(Stored items)
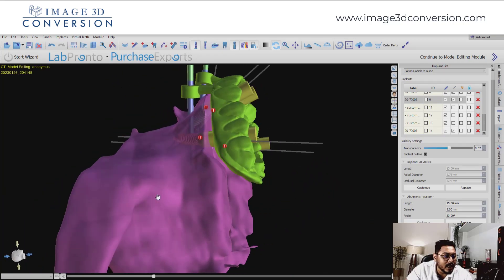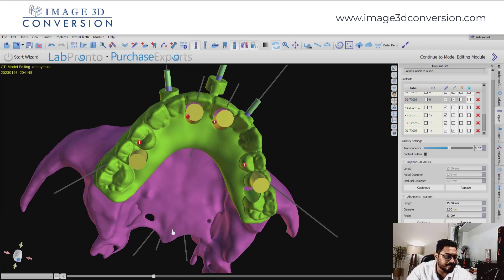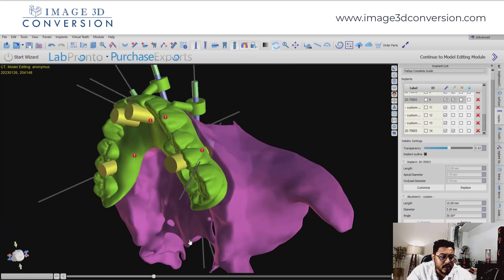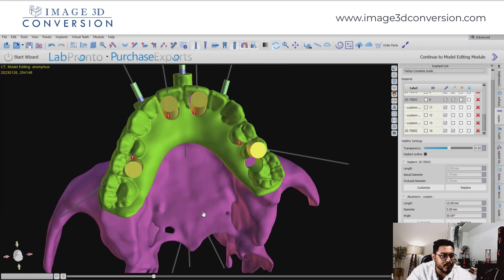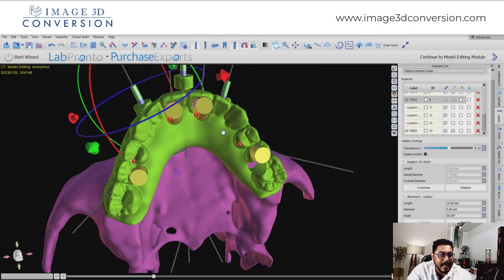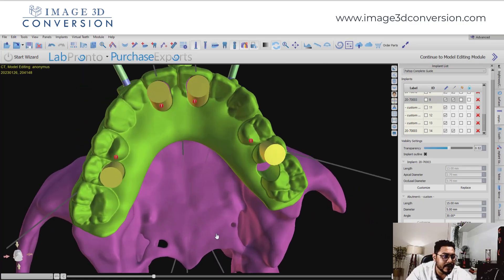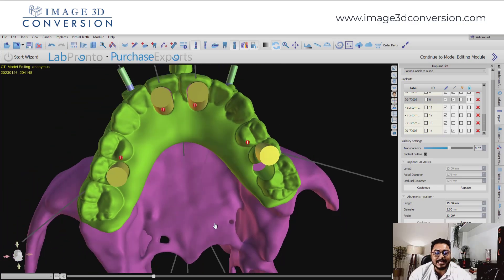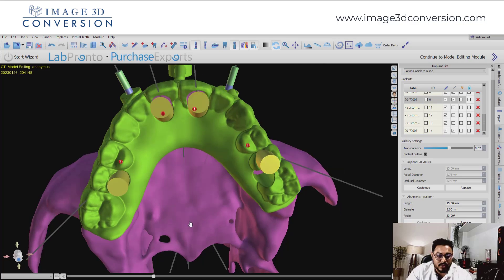In the 3D view, we generally verify the emergence profile. Just move the 3D object and see where your implant is coming from and what the implant access looks like. Once I'm satisfied and appreciate this treatment plan, I can stay confident and proceed for the surgical guide design.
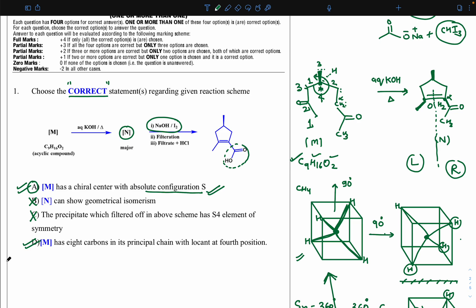So for this question, options A and D are the final correct answers. When the product is given, we move backward using basic knowledge of reagents. I hope everyone got clarity on this question. In my next video, I will discuss the second question. Thank you everyone.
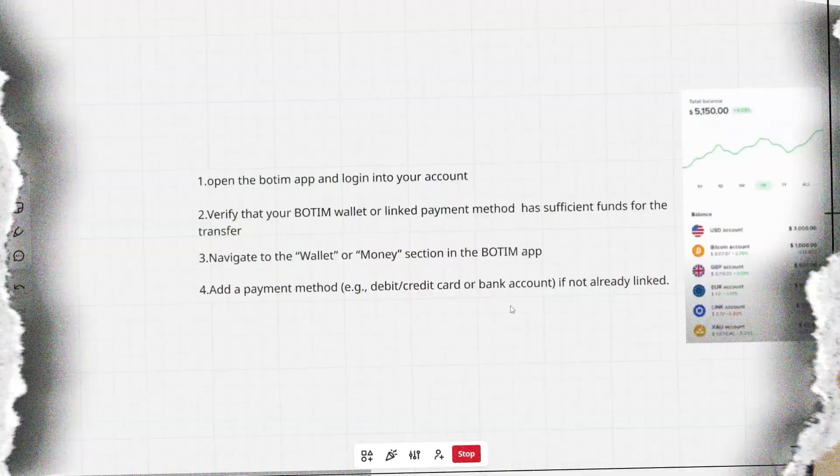In this video, I want to show you how to send money from Bodim to EasyPaisa account. Watch this video till the end to not miss any information.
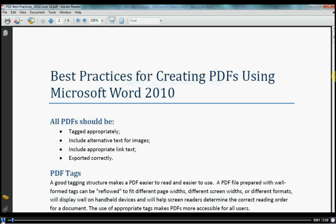When you create a PDF document, it's important that you embed your fonts into the final file. Embedding fonts into a PDF means that all the font information used to create a particular document is included in the file. This means that no matter what font someone else has on their computer, they will see the file as you intended it to be seen.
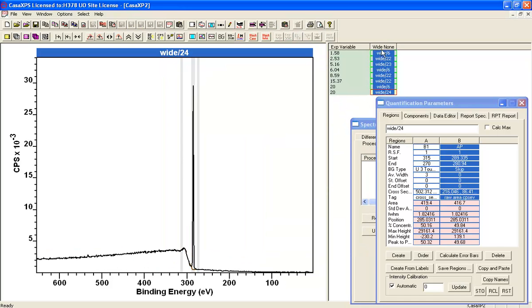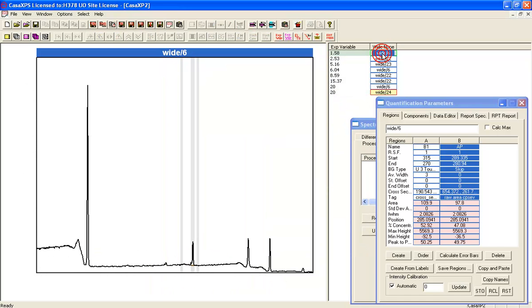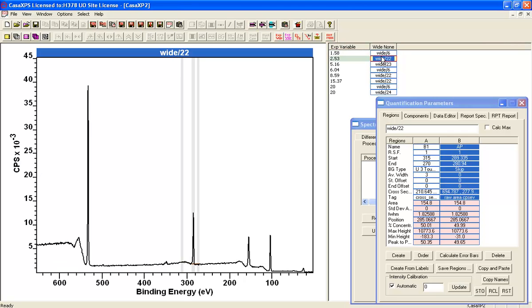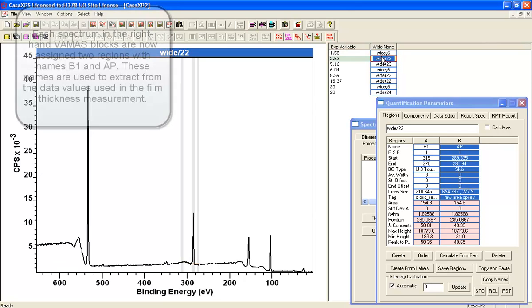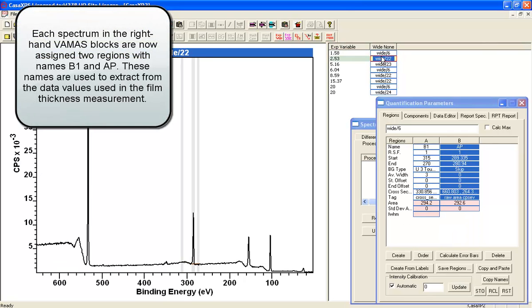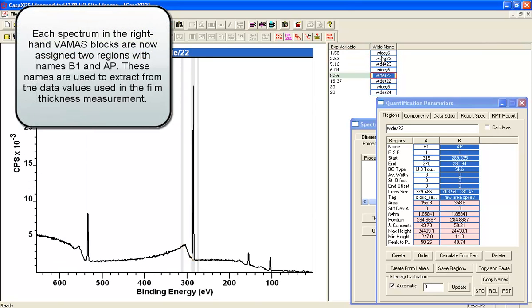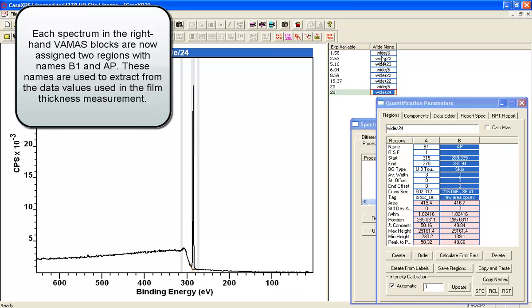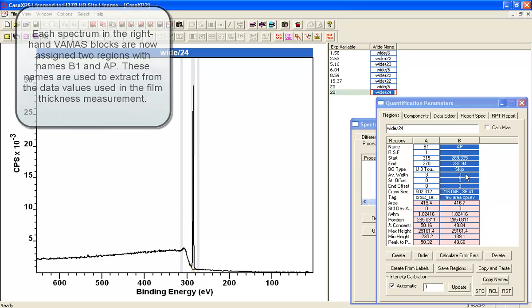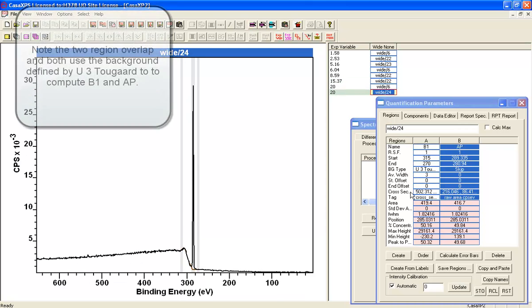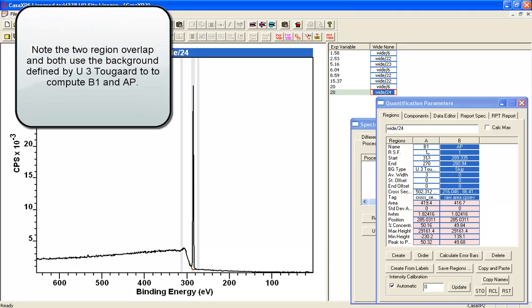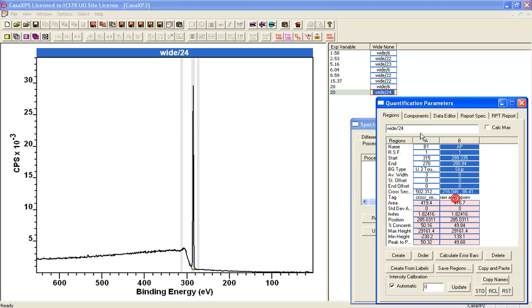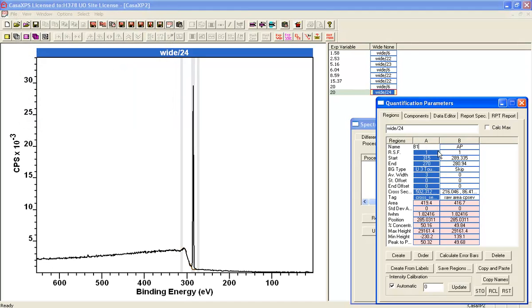So now we will find that each and every one of these spectra have been set up with two regions. And these two regions overlap. And that's because the second region is using the first region as the background. And we now have the tag fields set and the names set.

#### [Work task]
Transcribe all lines above exactly, skipping pictures.

#### [Written solution]
In the 3D view, we generally verify the emergence profile. Just move the 3D object and see where your implant is coming from and what the implant access looks like. Once I'm satisfied and appreciate this treatment plan, I can stay confident and proceed for the surgical guide design.
So for this question, options A and D are the final correct answers. When the product is given, we move backward using basic knowledge of reagents. I hope everyone got clarity on this question. In my next video, I will discuss the second question. Thank you everyone.
In this video, I want to show you how to send money from Bodim to EasyPaisa account. Watch this video till the end to not miss any information.
When you create a PDF document, it's important that you embed your fonts into the final file. Embedding fonts into a PDF means that all the font information used to create a particular document is included in the file. This means that no matter what font someone else has on their computer, they will see the file as you intended it to be seen.
So now we will find that each and every one of these spectra have been set up with two regions. And these two regions overlap. And that's because the second region is using the first region as the background. And we now have the tag fields set and the names set.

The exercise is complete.